Marlpa (and variants) has been used in different ways by different sources - as an alternative name for Kalarku A2 (O'Grady, MS 3799) and Ngadjumaya A3 (Douglas 1968 and Oates 1975), and to refer to a language variety distinct from both of these.
Tindale (1974:243) reports that malba (A110) means 'circumcised and subincised ones' and is a 'name applied by Wudjari W41 to Kalaako A2 and other immediately northern tribes' (i.e. Kalamaia A4 and Ngadjunmaia A3). However, von Brandenstein (1970:3-4) says it means 'man' and identifies it as the name of one of six language varieties in the Dundas District area (the others being Mirning (Eucla) A9, Fraser Range A74, Norseman A99, Windaga A111 and Kallaagu A2).
Von Brandenstein (1980:2) comments that 'it will be difficult to extract the different components of the (Dundas District) languages...from the mixed language now called Ngadju A3 which is still spoken...' Von Brandenstein (1970:3-4) mentions there being 14 remaining speakers of Marlba (A110), which suggests that language data has been recorded.
A wordlist taken by Daisy Bates, titled 'Native vocabularies - Balladonia area', may contain Marlpa language data as it matches, in part, the location reported by von Brandenstein. Confusingly, though, von Brandenstein (1970:4, PMS 2143) also says that 'the location given by Capell (1963) A.25 is correct', but this is Capell's 'Ngadjunma'.

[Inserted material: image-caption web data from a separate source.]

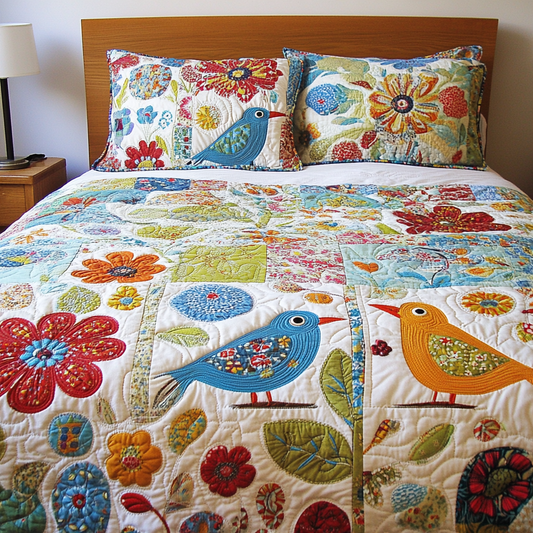 Birds In Flower Garden TAI251124023 Quilt Bedding Set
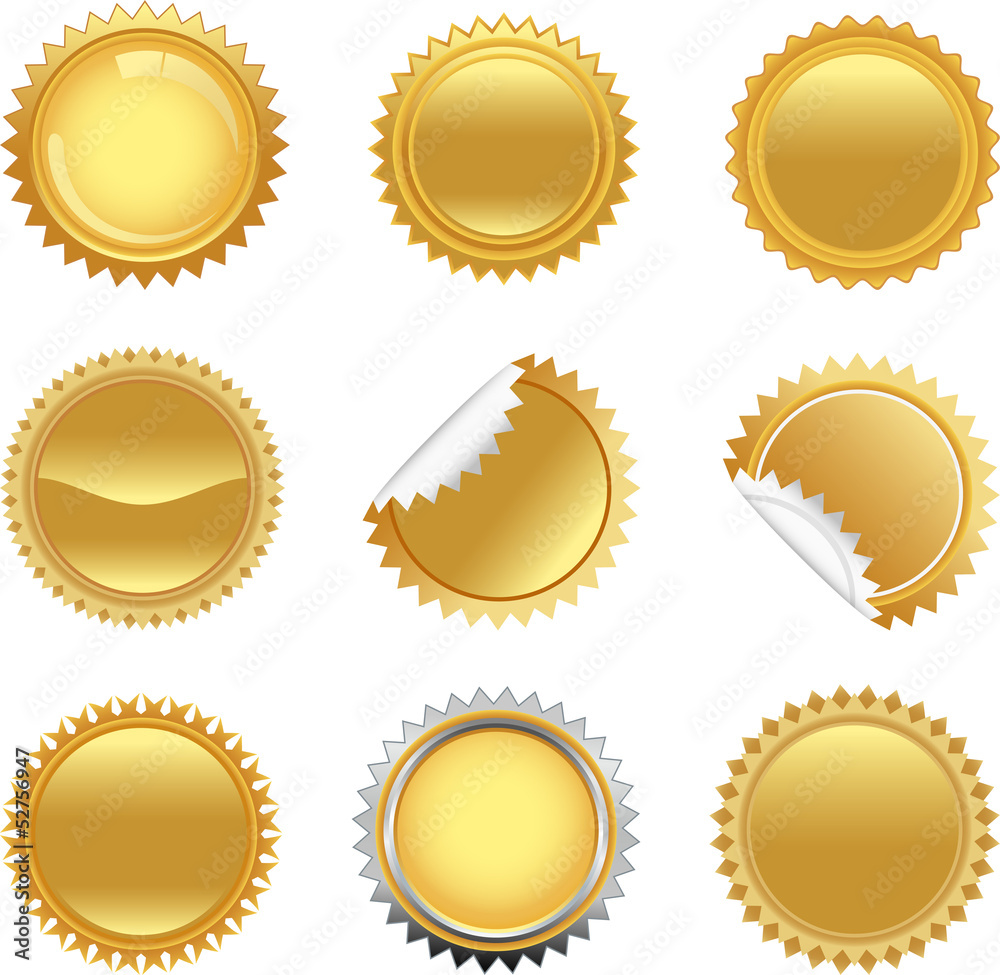 Fototapeta premium Golden starbursts set. To see the other vector starburst illustrations , please check Badge and Label collection.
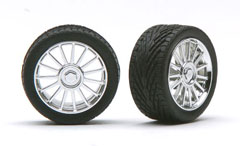Pegasus Hobbies 1206 Chrome Spider Rims w/Tires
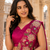 Designer Pink Fendy Silk Embroidered Ready To Wear Saree with Stitched Blouse Stitched.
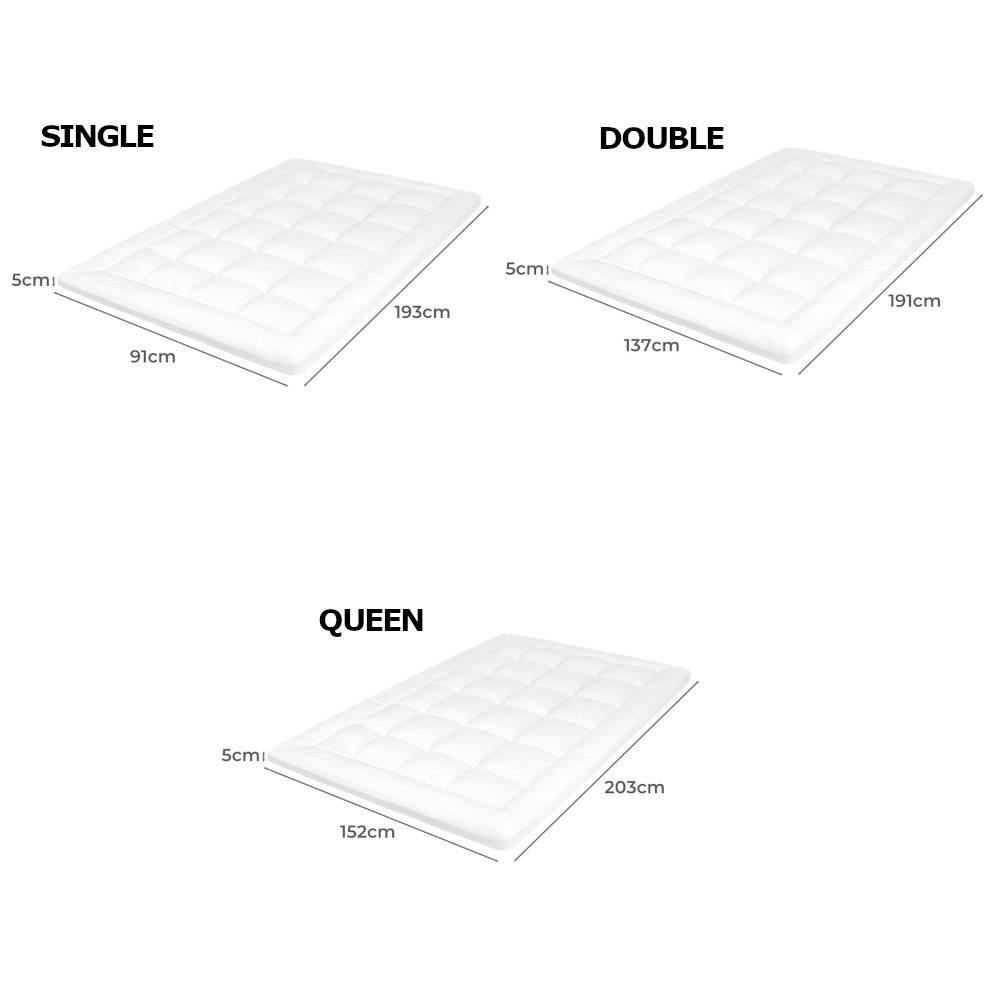 Dreamz Mattress Topper Pillowtop Cover Bed Protector Double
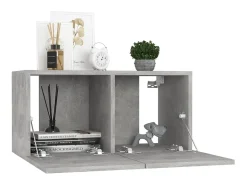 Móvel De Tv* 6 pcs conjunto de móveis de TV contraplacado cimento PT569045 Cinzento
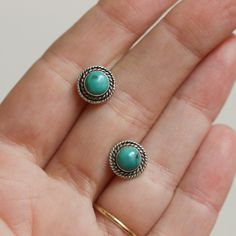 These .925 Sterling Turquoise Post earrings are the perfect size and just the right amount of detail - a boho jewelry staple! Two, graduated .925 Sterling Silver twist wires embellish the Turquoise stones and are the perfect accent for what we call our Western Turquoise Posts. They are available in the shop in many stones. Just a perfect little design ... why not spread the love. Post earrings are a staple of any jewelry wardrobe. These posts are the quintessential turquoise studs -- gorgeous, n Bohemian Turquoise Earrings Stamped 925, Western Turquoise, Boho Turquoise, Blue Stud Earrings, Jewelry Wardrobe, Jewelry Staples, Pink Studs, Love Post, Sacred Stones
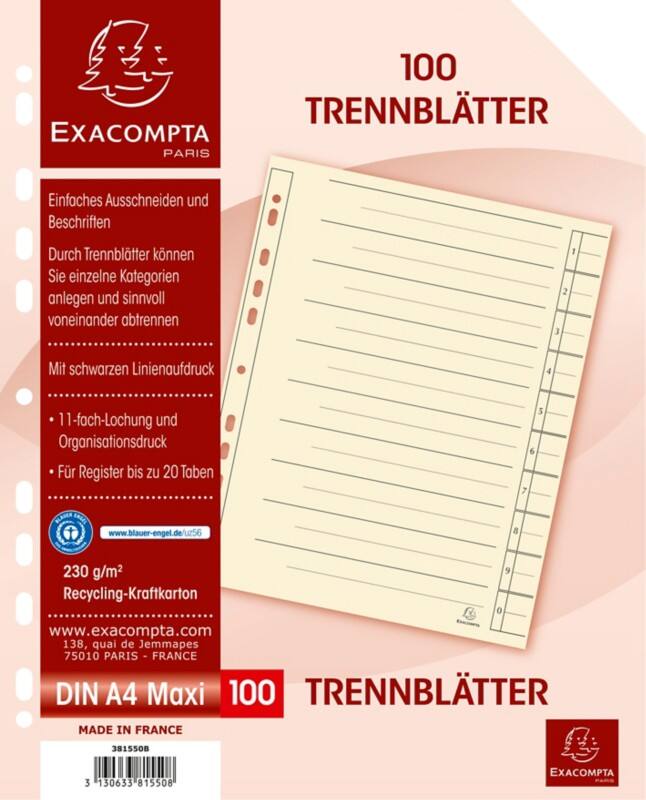 Feuilles de séparation 1 à 10 Exacompta 95% Recyclé A4 Chamois 10 intercalaires Carton 11 Perforations 381550B 100 Unités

Oates (1975) explains that 'von Brandenstein calls this dialect Marlba after the word for 'man', and the modern polyglot of all the dialects he calls Ngadju and Ngadju(n)maja'. As most sources treat Ngadjunma, Ngadju and Ngadjumaya as variants of the same language variety A3, distinguishing between the original Marlba variety and the modern day Ngadjumaya is likely to be very difficult. Consequently, while catalogue records containing the Marlpa heading will ideally refer to the distinct language variety which preceded modern Ngadjumaya, they may in fact relate to modern-day Ngadjumaya A3, or even Kalarku A2.
Rock-holes and soaks around Balladonia, reaching north to Kopai Cliffs with the Murrunidja as neighbours and south to Israelite Bay. The location given by Capell (1963) A.25 is correct. 14 speakers of varying quality left. (von Brandenstein 1970:3-4).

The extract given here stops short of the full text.